Software Engineer, Site Reliability
The Interoperability team in Slack makes using productivity tools in Slack a much more pleasant and valuable experience for all our users. The team evolves to meet the various changing demands of Slack’s ever growing business and we’re on the lookout for new engineers to join the team.
The Interop SRE group is a small team embedded in the Interop(-erability) team that supports the day to day operation of services and also acts as an advisor to all the engineers for making the services more reliable. We are a team based entirely out of the India time zone, with some team members working from the Pune office, and some working remotely. We work with the underlying infrastructure teams as well as various product engineers to deploy services in Slack’s ecosystem of Kubernetes, Nebula, Envoy and Vitess. We drive the performance and operability of these services, and often act as first consumers of the latest infrastructure technologies at Slack.
Slack has transformed business communication. It’s the leading channel-based messaging platform, used by millions to align their teams, unify their systems, and drive their businesses forward. Only Slack offers a secure, enterprise-grade environment that can scale with the largest companies in the world. It is a new layer of the business technology stack where people can work together more effectively, connect all their other software tools and services, and find the information they need to do their best work. Slack is where work happens.
Ensuring a diverse and inclusive workplace where we learn from each other is core to Slack’s values. We welcome people of different backgrounds, experiences, abilities and perspectives. We are an equal opportunity employer and a pleasant and supportive place to work.
Come do the best work of your life here at Slack.
About the Role
What you will be doing
- Working on impactful projects within a small, agile team to advance Interop’s Calendar, Email, Calls, Files and other Productivity services.

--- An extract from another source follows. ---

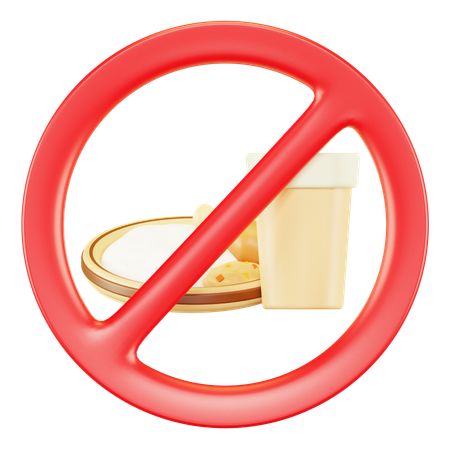 Prohibido comer  3D Icon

- Developing on Slack’s underlying Cloud (AWS, Kubernetes, Terraform, Chef), Logging (ELK), Monitoring (Prometheus+Grafana) and other associated services.
- Participating in an on-call rotation for the services the team owns, triaging and addressing production as well as development issues
- Engaging with Slack’s engineering community to identify potential areas of improvement or pain points and making Slack’s systems safer and more pleasant to operate.
What you should have
- Curiosity about how things work and love to share that knowledge with others
- Familiarity with software engineering practices including unit testing, code reviews and design documentation
- Ability to build tooling, automation and/or services in one or multiple languages (e.g. Go, Bash, Java)
- An interest in building internal products with other engineers as your customers
- Experience deploying and operating services in a Cloud environment
- An understanding of fundamental Linux concepts
You probably tick some of these boxes:
- At least 3 years of professional experience in software engineering, working in a team environment
- Know your way around with one or more programming languages -- e.g., Python, Go, Ruby, or others
- About 2 years of experience deploying, operating and debugging server software on Linux
- Experience building and releasing software using Docker containers
- Experience with Kubernetes
- Experience with a large cloud provider (AWS preferred)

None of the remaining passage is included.